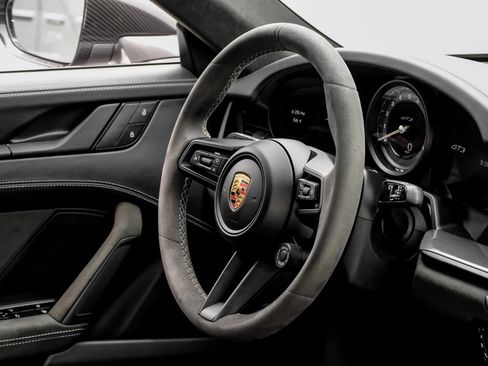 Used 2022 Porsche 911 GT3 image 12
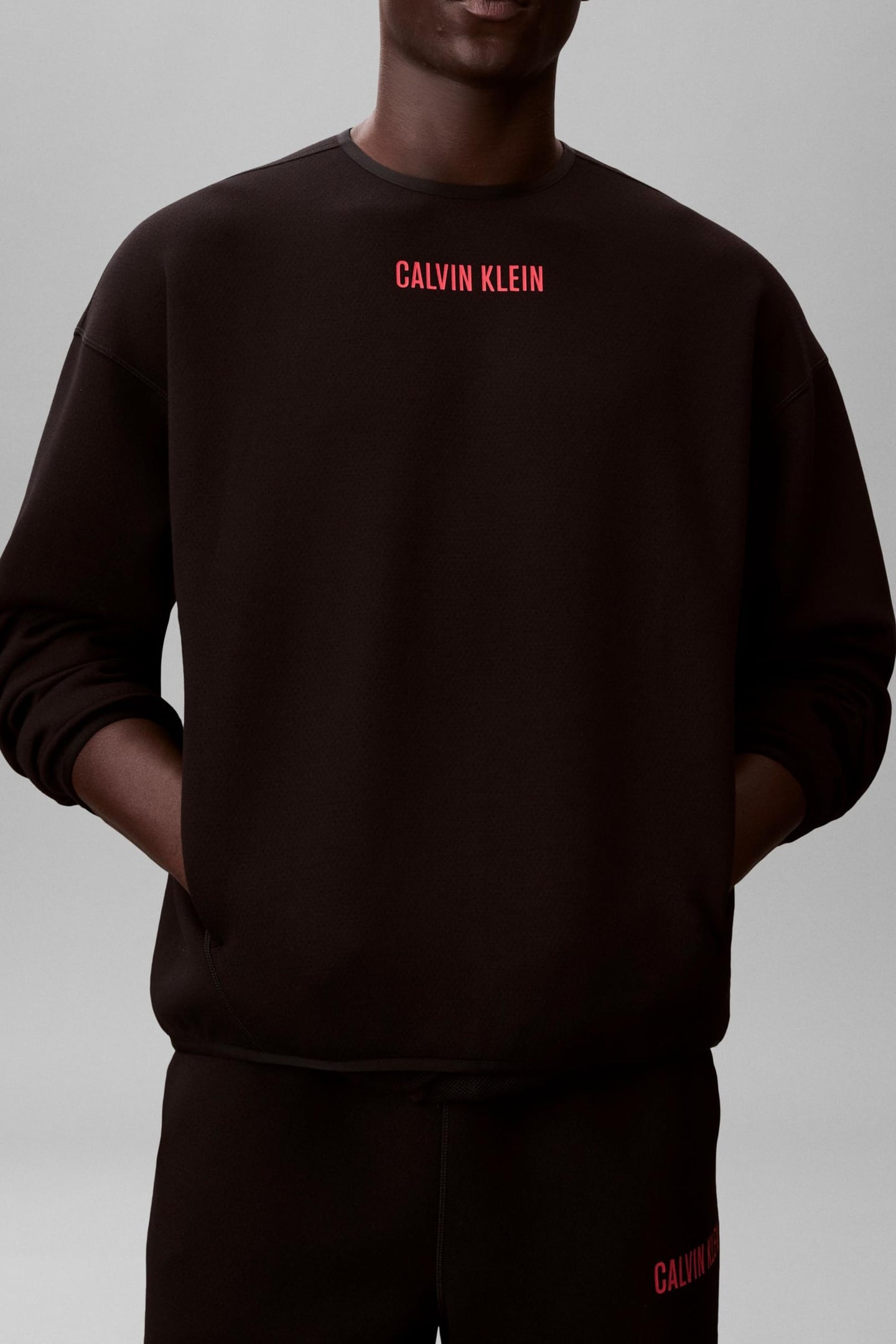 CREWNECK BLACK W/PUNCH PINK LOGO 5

* * *

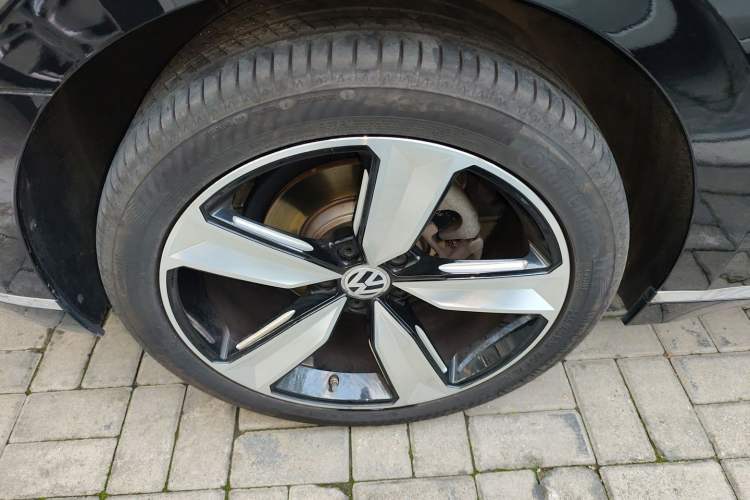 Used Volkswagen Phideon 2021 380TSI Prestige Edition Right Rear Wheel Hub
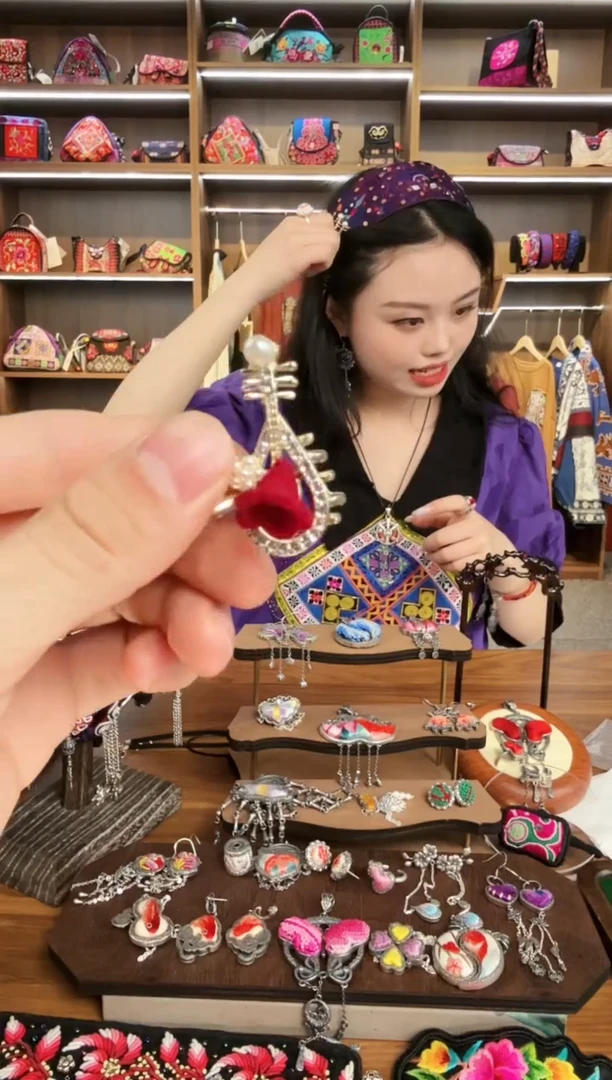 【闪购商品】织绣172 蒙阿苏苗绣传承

==

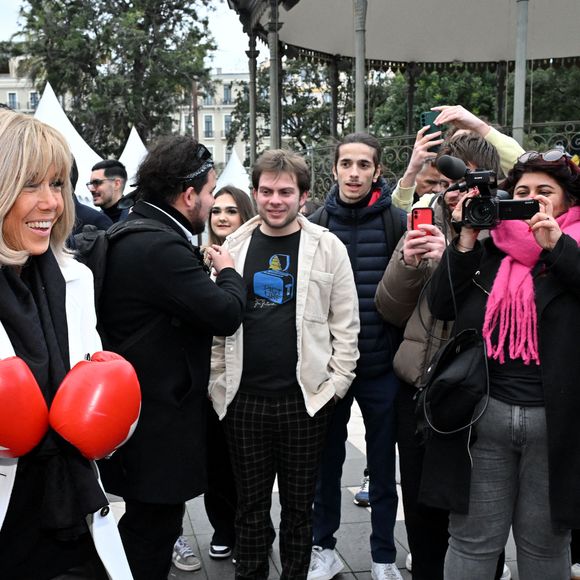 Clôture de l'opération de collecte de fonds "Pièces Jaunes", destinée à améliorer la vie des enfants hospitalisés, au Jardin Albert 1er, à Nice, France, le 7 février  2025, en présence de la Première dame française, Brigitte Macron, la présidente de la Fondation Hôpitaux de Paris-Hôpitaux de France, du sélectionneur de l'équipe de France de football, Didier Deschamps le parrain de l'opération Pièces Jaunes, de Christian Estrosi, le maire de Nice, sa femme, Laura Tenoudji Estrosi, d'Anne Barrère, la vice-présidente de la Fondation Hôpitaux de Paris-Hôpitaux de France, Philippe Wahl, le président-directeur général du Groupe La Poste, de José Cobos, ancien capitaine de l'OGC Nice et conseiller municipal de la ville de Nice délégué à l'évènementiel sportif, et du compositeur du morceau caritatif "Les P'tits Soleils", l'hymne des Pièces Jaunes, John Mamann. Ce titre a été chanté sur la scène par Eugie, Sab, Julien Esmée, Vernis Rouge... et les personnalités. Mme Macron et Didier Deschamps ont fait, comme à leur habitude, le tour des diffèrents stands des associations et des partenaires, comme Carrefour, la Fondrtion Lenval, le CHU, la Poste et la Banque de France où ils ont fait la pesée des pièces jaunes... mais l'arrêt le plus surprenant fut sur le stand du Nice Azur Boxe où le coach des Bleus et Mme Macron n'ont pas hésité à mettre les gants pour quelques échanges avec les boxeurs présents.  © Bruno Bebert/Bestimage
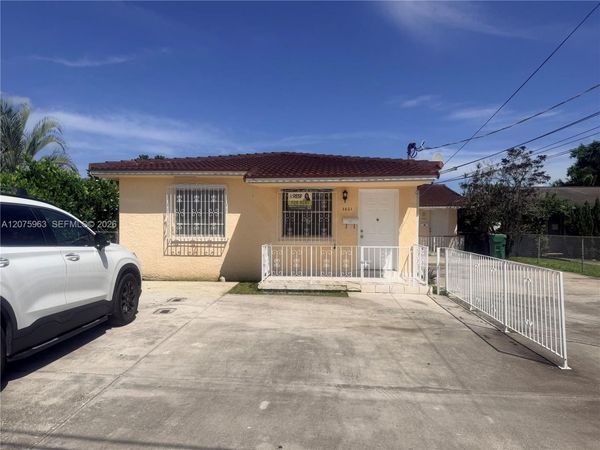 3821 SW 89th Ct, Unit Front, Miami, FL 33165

*WHAT THIS TASK INVOLVES*. Here the job is to copy the listing above word for word, starting at the line with "Used 2022 Porsche 911 GT3 image 12" and ending at the line with "CREWNECK BLACK W/PUNCH PINK LOGO 5", and to leave out the pictures.

*TASK ANSWER*.
 Used 2022 Porsche 911 GT3 image 12
 CREWNECK BLACK W/PUNCH PINK LOGO 5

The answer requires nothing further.